Raw data -
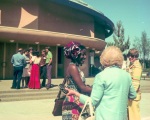 Love and Fellowship Conf., San Rafael CA fall 1974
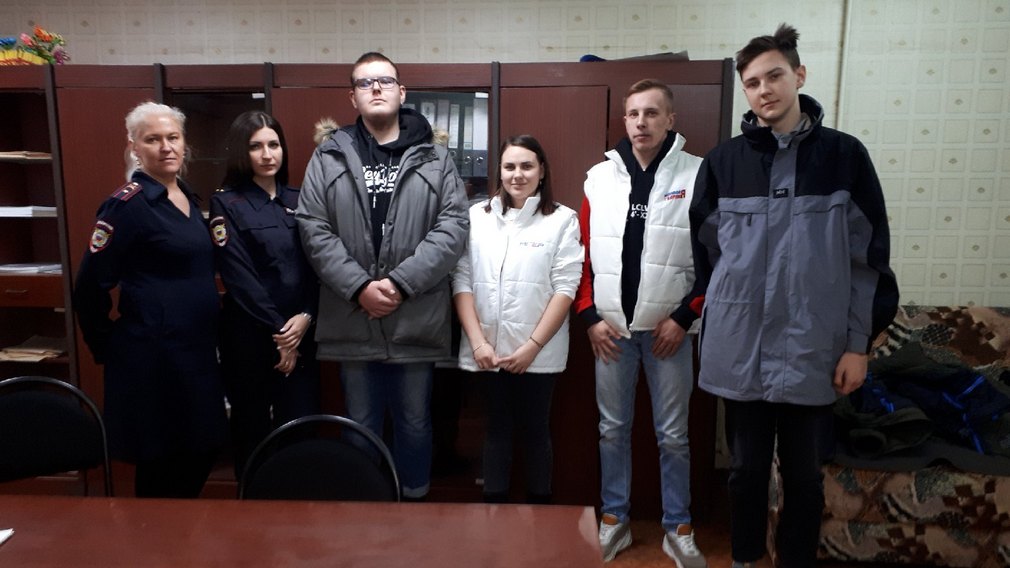 Активисты брянского отделения «Молодой гвардии» проведут мониторинг по борьбе со «снюсами»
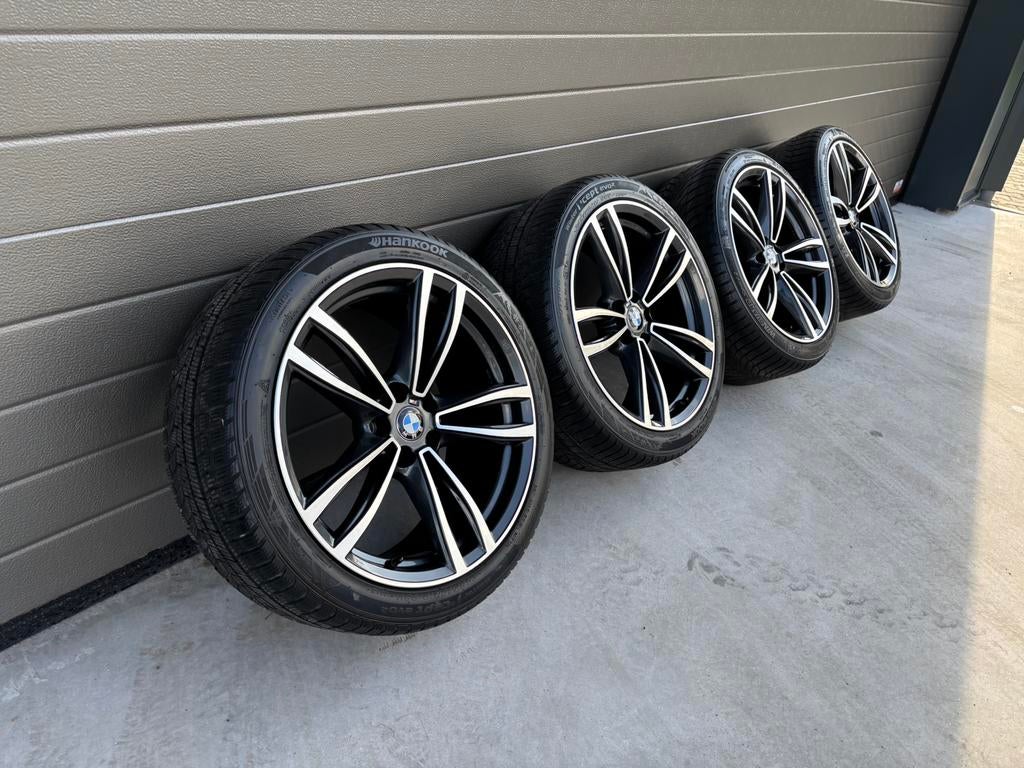 19 inch breedset G60/G61, Ophalen, 19 inch, Winterbanden, Banden en Velgen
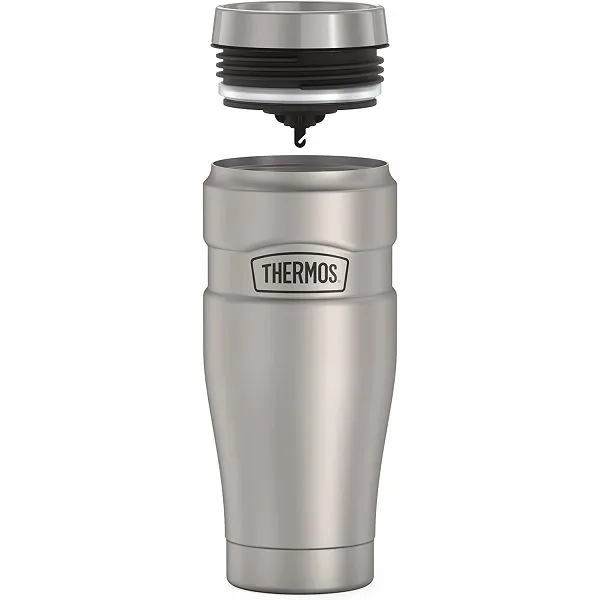 Termokande i rustfrit stål King Travel Tumbler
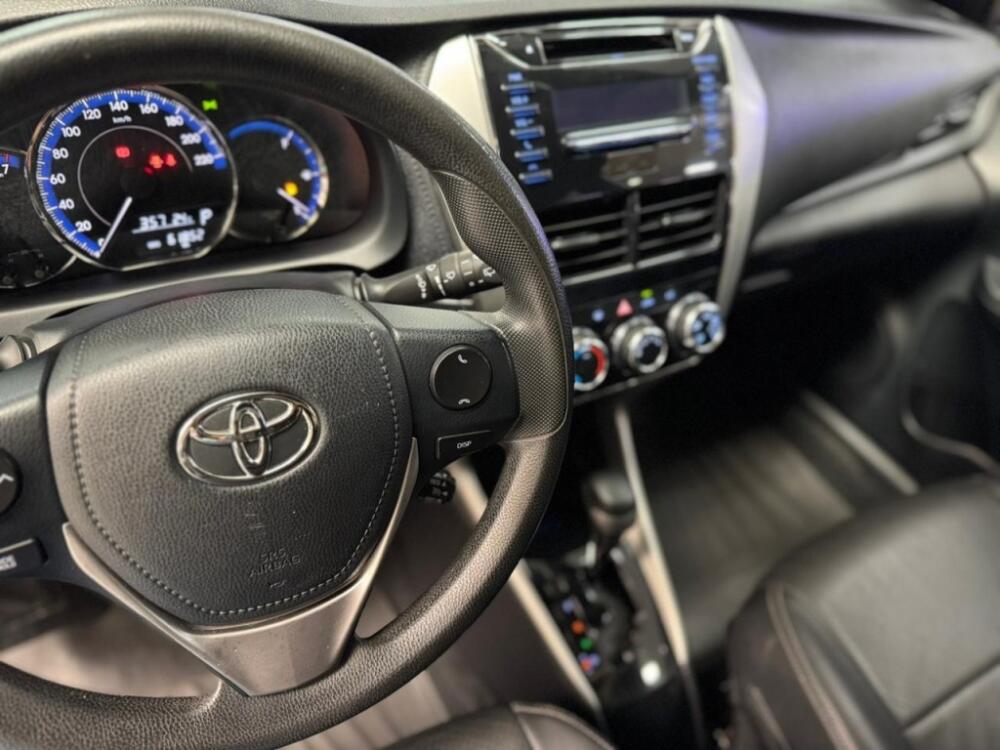 Toyota Yaris Hatch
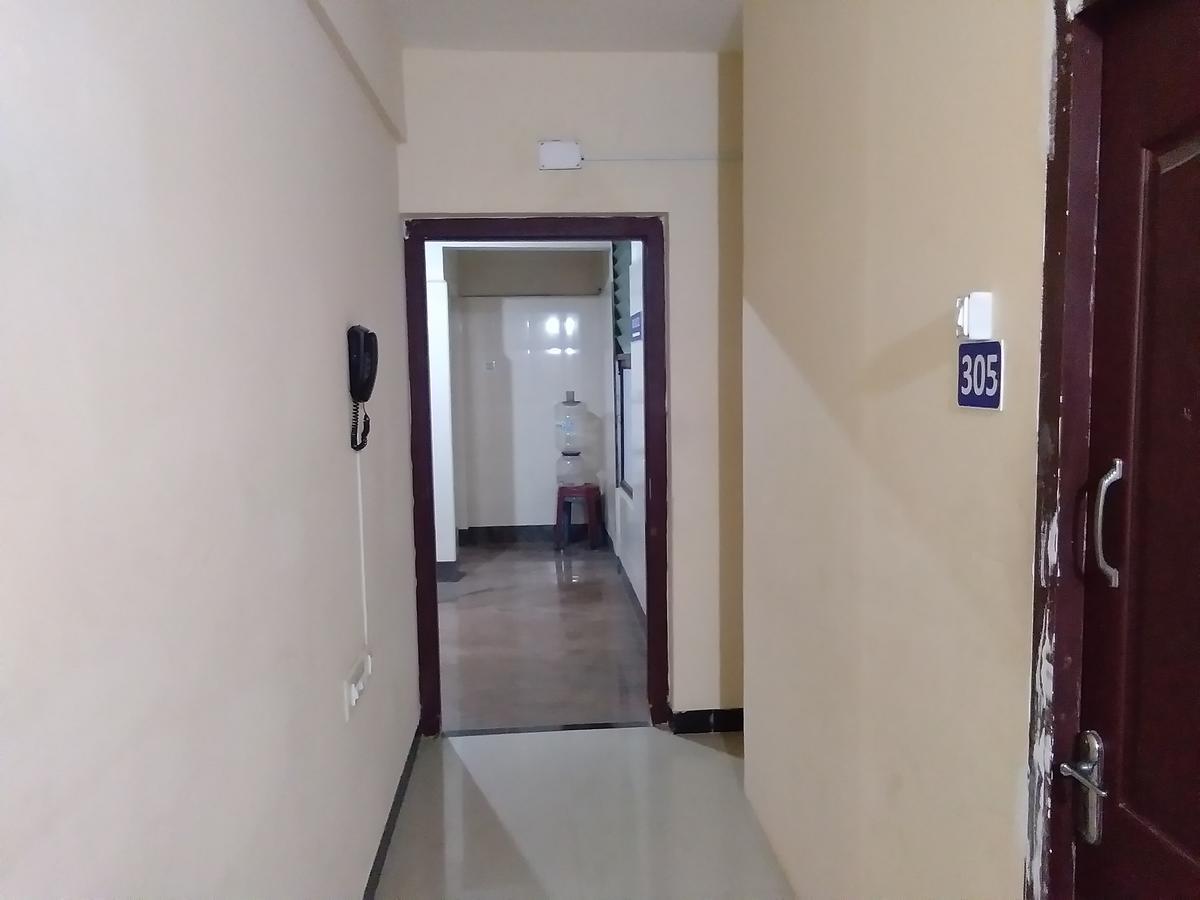 Aishvarya Residency Coimbatore Buitenkant foto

What is being asked -
One exact copy of the data is required, and it should hold no pictures.

Exercise output -
 Love and Fellowship Conf., San Rafael CA fall 1974
 Активисты брянского отделения «Молодой гвардии» проведут мониторинг по борьбе со «снюсами»
 19 inch breedset G60/G61, Ophalen, 19 inch, Winterbanden, Banden en Velgen
 Termokande i rustfrit stål King Travel Tumbler
 Toyota Yaris Hatch
 Aishvarya Residency Coimbatore Buitenkant foto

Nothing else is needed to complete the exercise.